[Captioned web images]

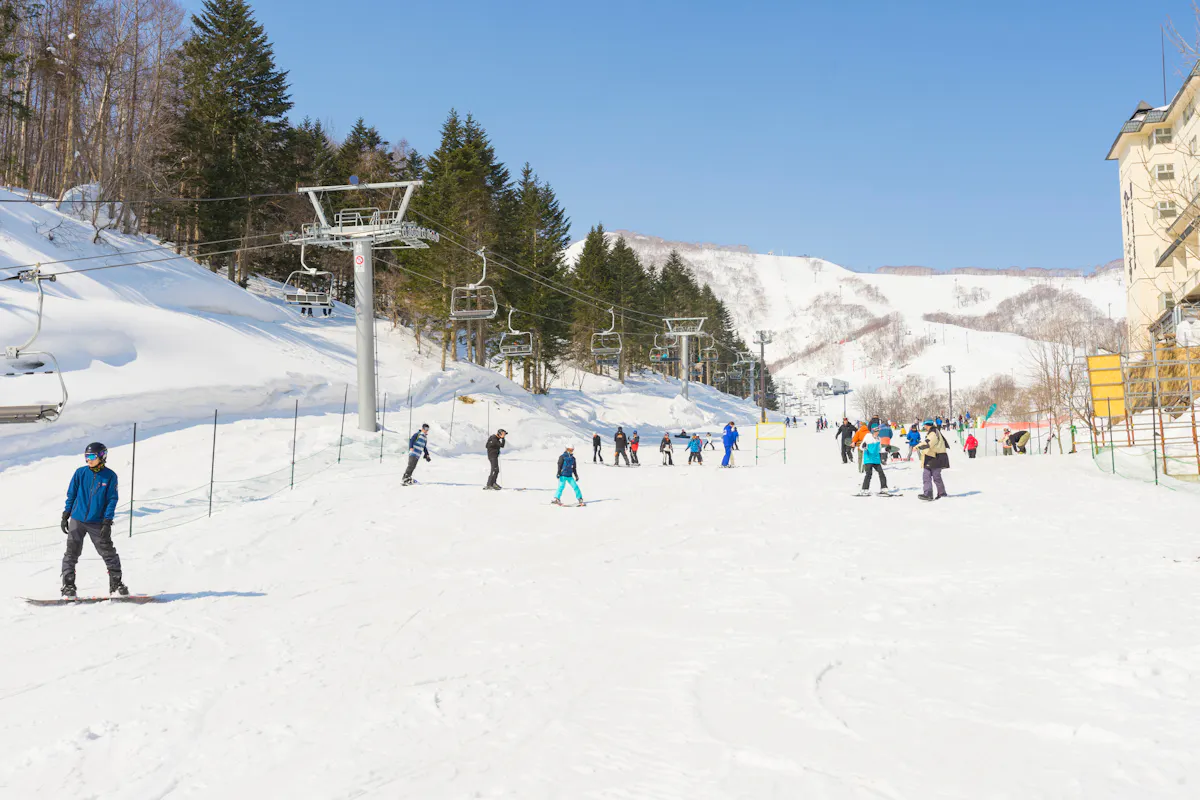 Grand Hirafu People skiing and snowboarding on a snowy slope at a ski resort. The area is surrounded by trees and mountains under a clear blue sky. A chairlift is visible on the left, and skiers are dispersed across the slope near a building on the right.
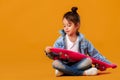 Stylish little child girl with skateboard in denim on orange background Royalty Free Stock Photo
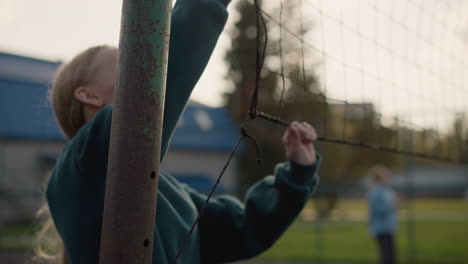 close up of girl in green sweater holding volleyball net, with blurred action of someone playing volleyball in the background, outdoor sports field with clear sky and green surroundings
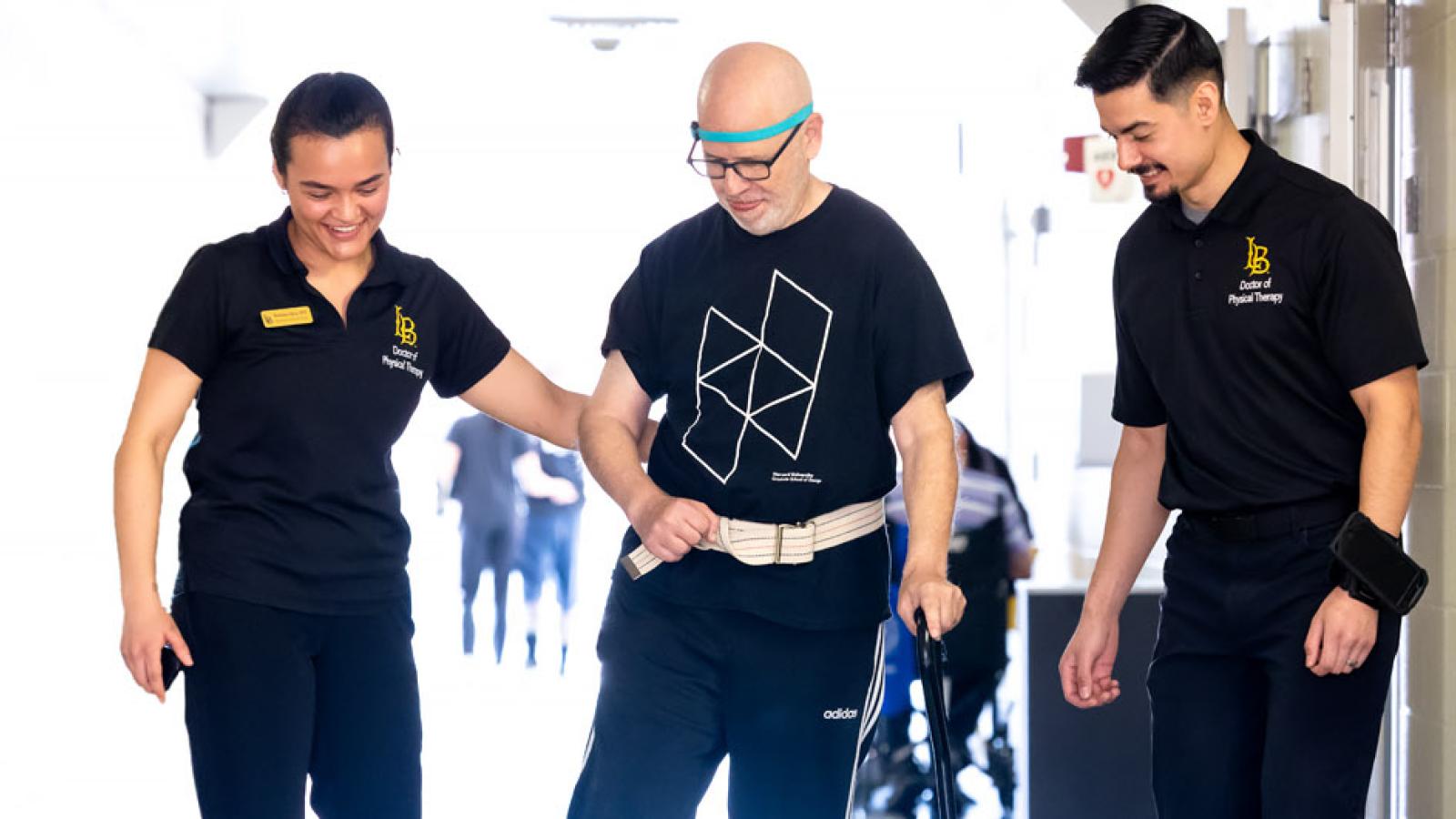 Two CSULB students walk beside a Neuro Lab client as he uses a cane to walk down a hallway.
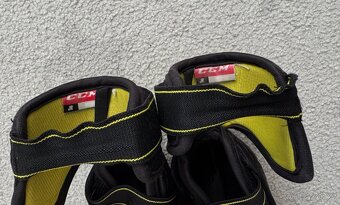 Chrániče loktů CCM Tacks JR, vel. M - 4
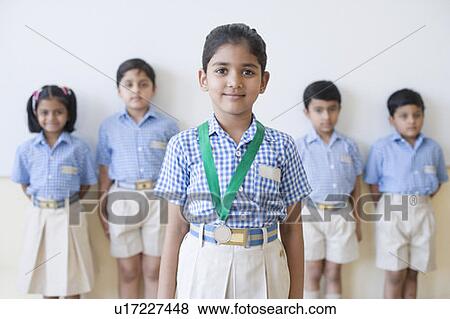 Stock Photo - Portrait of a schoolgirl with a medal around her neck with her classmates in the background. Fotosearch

▶ _PROBLEM STATEMENT_: Give back all of the entries verbatim, but without pictures.

▶ _RESULT FOR THIS EXERCISE_:
 Grand Hirafu People skiing and snowboarding on a snowy slope at a ski resort. The area is surrounded by trees and mountains under a clear blue sky. A chairlift is visible on the left, and skiers are dispersed across the slope near a building on the right.
 Stylish little child girl with skateboard in denim on orange background Royalty Free Stock Photo
 close up of girl in green sweater holding volleyball net, with blurred action of someone playing volleyball in the background, outdoor sports field with clear sky and green surroundings
 Two CSULB students walk beside a Neuro Lab client as he uses a cane to walk down a hallway.
 Chrániče loktů CCM Tacks JR, vel. M - 4
 Stock Photo - Portrait of a schoolgirl with a medal around her neck with her classmates in the background. Fotosearch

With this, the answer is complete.